Namun, sejak tanggal 10 Mei 2004 lalu, parleman Iran telah mempelopori Undang-Undang waris yang menyamakan hak waris perempuan dan laki-laki itu sama 1;1. Begitu pula, hak waris duda dan janda sama. Seorang istri akan mendapat seluruh warisan suaminya, tidak separoh. Nah, bagaimana dengan keputusan Parleman negeri Mullah tersebut? Tidakkah, mereka melanggar ketentuang Quran?
Untuk itu, memahami ayat waris tersebut tidak hanya dilihat secara tekstual saja tapi juga harus dilihat secara historisnya. Ayat itu turun saat perempuan di masa itu sama sekali tidak diberi hak mewarisi, bahkan mereka malah menjadi bagian dari harta yang diwariskan. Dari kenyataan itu, Islam datang dengan mengizinkan dan memberikan hak waris kepada perempuan. Jelaslah, penetapan syariat dengan memberikan hak waris perempuan tersebut merupakan suatu hal yang revolusioner dan radikal. Dengan demikian, secara historis, ayat tersebut merupakan bentuk penyadaran kemanusiaa bahwa perempuan memiliki hak yang sama dengan laki-laki untuk mempunyai harta. Karena prinsip Quran sendiri adalah keadilan dan kesetaraan.


Tapi, mengapa jumlah warisan laki-laki harus dilebihkan dari jumlah warisan perempuan? Karena pola pembagian tersebut juga lantaran saat itu beban kehidupan keluarga sepenuhnya ditanggung laki-laki. Perempuan tidak punya kewajiban untuk memberikan maskawin dan nafkah kepada keluarga mereka. Meski begitu, saat itu Islam memberikan jalan keluar jika orangtua ingin memberikan bagian yang sama kepada anak-anak mereka,baik laki maupun perempuan. Seperti hibah, pembagian warisan ketika orangtua masih hidup. Dalam hal ini, Rasulullah Saw.pernah menyatakan, "Samakanlah di antara anak-anakmu pemberianmu. Jika aku boleh melebihkan pada salah satunya, sungguh aku akan melebihkan anak perempuan."

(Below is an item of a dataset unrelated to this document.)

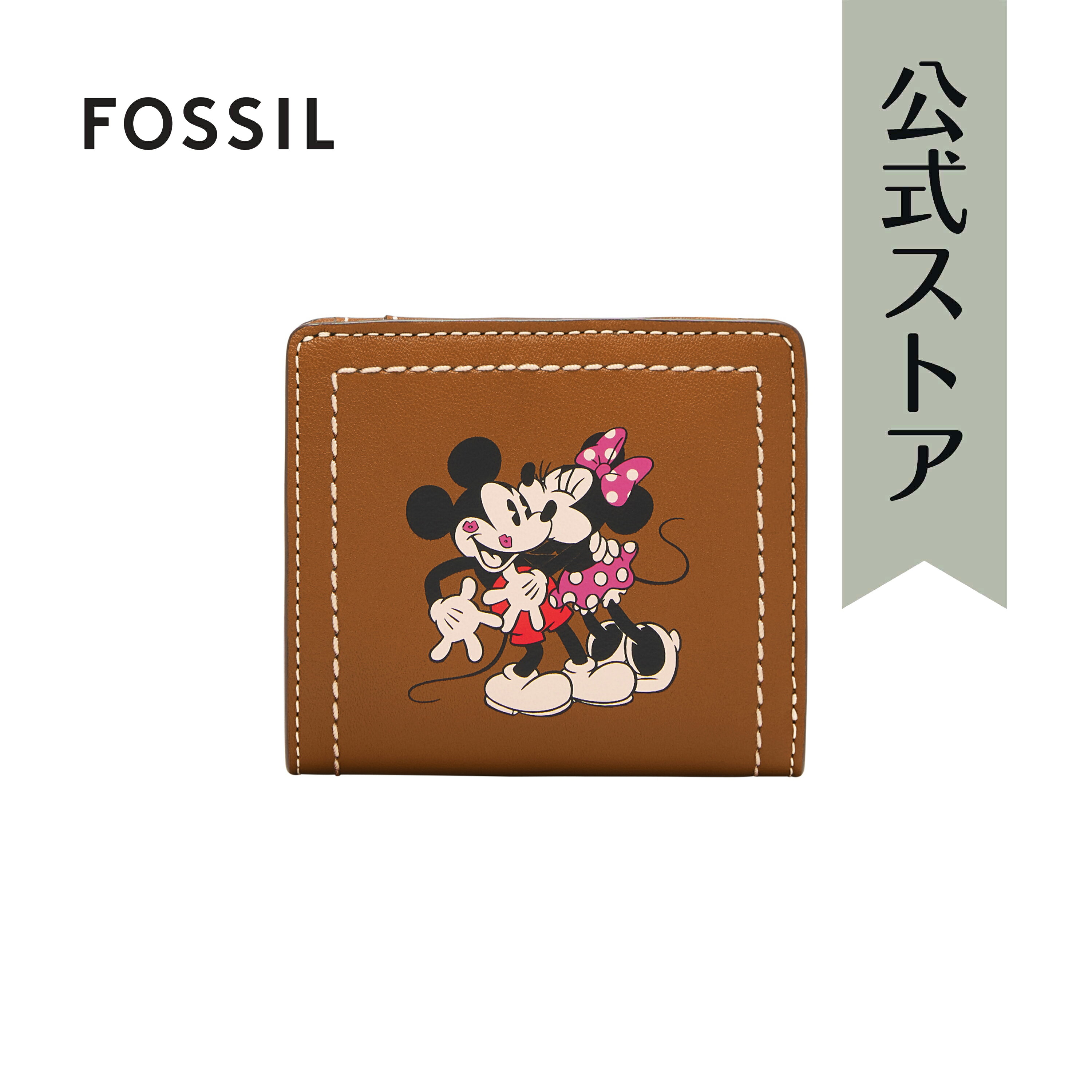 【数量限定｜ディズニー× フォッシル】 バイフォールド 二つ折り 財布 レディース サドル レザー MICKEY AND FRIENDS SL10053216 2024 春 FOSSIL 公式のサムネイル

Setidaknya alasan tersebut menuntun kita bahwa perbedaan perolehan pembagian warisan itu bukan disebakan oleh faktor biologis(kodrati),tetapi semata-mata disebabkan oleh sosial budaya, dengan kata lain, persoalan gender. Karena disebabkan oleh sosial budaya, maka hukum waris ini pun bisa berubah ketika basis sosial dan ekonomi keluarga berubah. Apalagi sekarang ini, tak sedikit lagi perempuan yang menjadi tulang punggung menafkahi keluarganya. Untuk itu, tidak ada halangan untuk melakukan modifikasi terhadap ketentuan waris (2:1) karena muatan keadilannya berkurang. Seperti yang terjadi di Iran.

Ya, sebenarnya realitas kehidupan perempuan Iran tidak jauh berbeda dengan perempuan Indonesia. Mereka sama-sama bisa beraktualisasi di dunia pubilk. Namun, yang menarik dicermati dari kehidupan perempuan Iran adalah, meski mereka bersembunyi dibalik jubah hitam, tapi wawasan, pikiran mereka melangkah jauh lebih kedepan. Salah satunya adalah dengan memelopori pembagian waris laki-laki dan perempuan sama.Nah, akankah negeri kita juga menyetujui undang-undang hak waris yang sama antara laki-laki dan perempuan seperti di negeri Mullah tersebut?